On the approach to Sutton Bank from Thirsk.
However, at the top the cloud suddenly dispersed and as we approached Helmsley at the foot of the other side of the bank, the sun came out. At least briefly.
Taking a shortcut through the graveyard, I noticed flowers growing round some of the gravestones. The stones were too worn to read any inscriptions but I’m sure the occupants would be pleased with the display.
Sadly, our favourite bakery is now closed. It being market day, it did have a presence at the market but we arrived too late for much of a choice. Still, my daughter enjoyed her day out, with school being closed for teacher training – cheese straws from Thomas the Baker make all the difference to her world.
Never having grown raspberries before, I had no idea how many fruit I would get this year from the one cane my mum gave me for my birthday. I’m not sure I’ve ever picked them at the farm where I volunteer, so this autumn I am both surprised and pleased.
I won’t, however, be making any jam from the harvest this year. I could have saved them all up as they grew and ripened in dribs and drabs but some were eaten before I even saw the buds for others. In fact, the cane is still growing, although I would be surprised if fruit came off the newest branches now.
Do you have difficulty deciding when crops are ripe enough to pick? As a general rule, yes I do, except in the case of fruits such as raspberries and strawberries.
A case in point is the fat hen which decided to join the forest garden this year. I took one plant out about a month ago, as its seeds were starting to drop off, but there was a second which came up later than the first, so I left these seeds.
However, I read somewhere about the seeds being ready once they turned black. Indeed, they had started to do that. In my opinion it makes them look less appetising, although the proof will be in the pudding – or more likely bread – when I try them.
In the meantime, there is some fat hen in the salad mix that I got with my vegetable share from the local organic farm this weekend.
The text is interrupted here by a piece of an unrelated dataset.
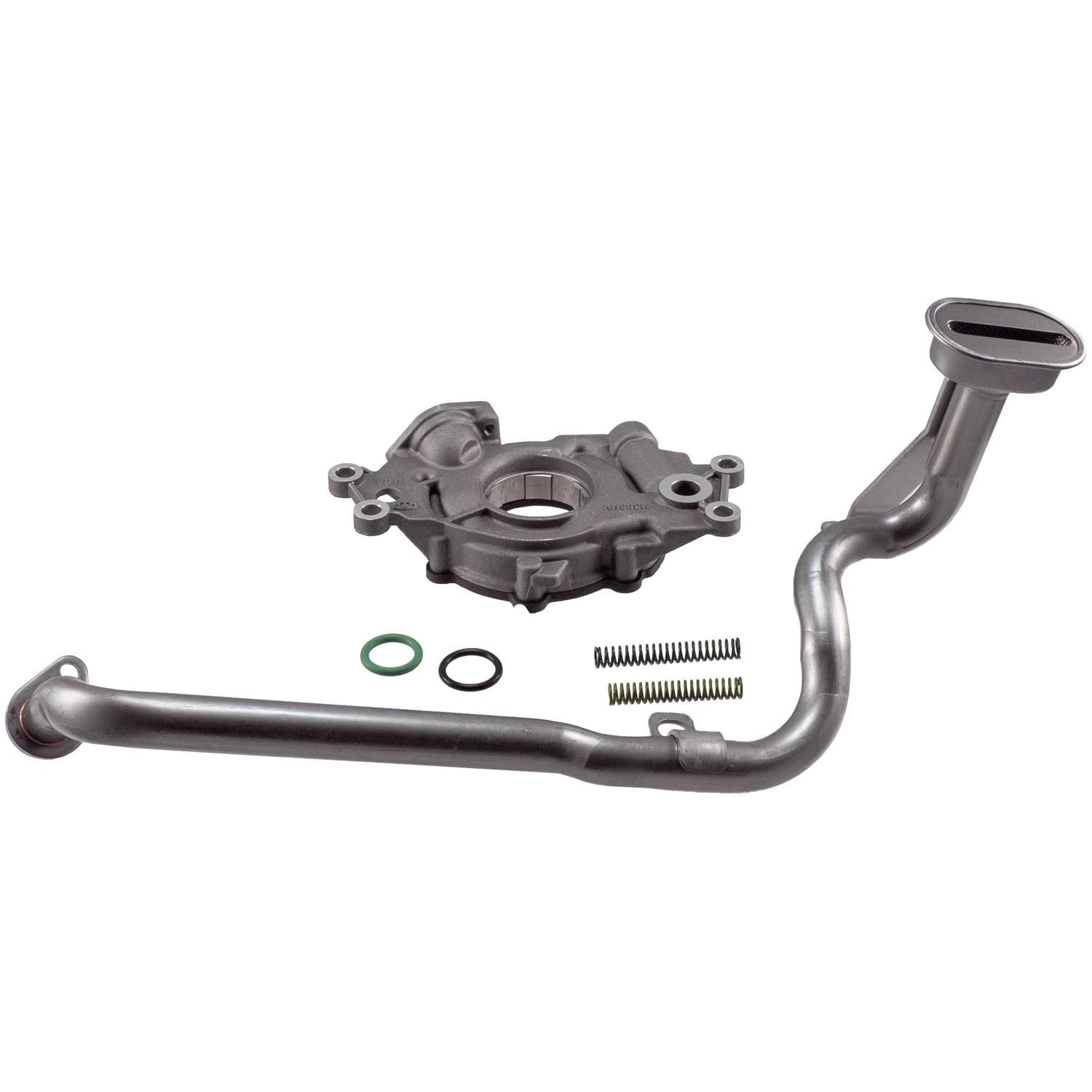 Melling Oil Pump M365HV395S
I wonder if this was a deliberate addition…
One minute the fennel seeds seemed not to be ripe, the next moment they were starting to fall off the plants. Now, I don’t want my garden to be full of nothing but fennel and I think a herbalist might be interested in them, so before it got dark, I nipped out with the secateurs and collected them in.
The plants got blown down in the high winds at the start of the summer and I nearly cut them down, thinking that was them done for. Glad I let them live on.
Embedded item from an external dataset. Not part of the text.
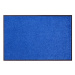 Wash & Clean 103837 Blue 90 × 150 cm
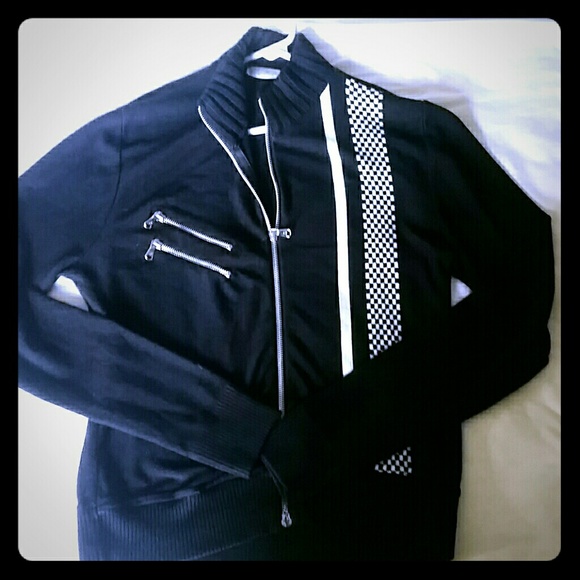 Zara Sweater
On the other hand, the crocosmia growing with them will have to come out. It is covering up a number of strawberry plants and if I don’t stop it, it won’t be long before it encroaches even further into the garden.
I’m not sure what type of tree the fennel and crocosmia are growing with. It was a present from a friend when I moved into the house in November 2009 and she now thinks it could be disposed off, as it is possibly not native to Britain. However, I do like it and I think the robins do to.
The hazel I planted close to my conifer is almost as tall after only about seven months in the ground. I have no idea how long it will be before I can harvest hazel nuts from it but I was pleased when I noticed a mature hazel tree in communal space very close by with ripe hazels on it. Does that not bode well for the future?
All the more reason to get the crocosmia out!
Today, I’ve managed to use up all my energy on a walk through local woods, so gardening will have to yet again be postponed. I did however pick some tasty apples from our village community garden and some amazing rosehips as well as discovering new paths
which led to new curiosities. I can only imagine the bricks in the next picture must have formed part of a building – if only there were signs up to explain the history.
Fortunately, there are signs indicating how a wooden elephant comes to be looking out over the canal. One of the bargees crafts such and there was evidence of his skill elsewhere along the towpath, though it was too soggy to keep getting my camera out.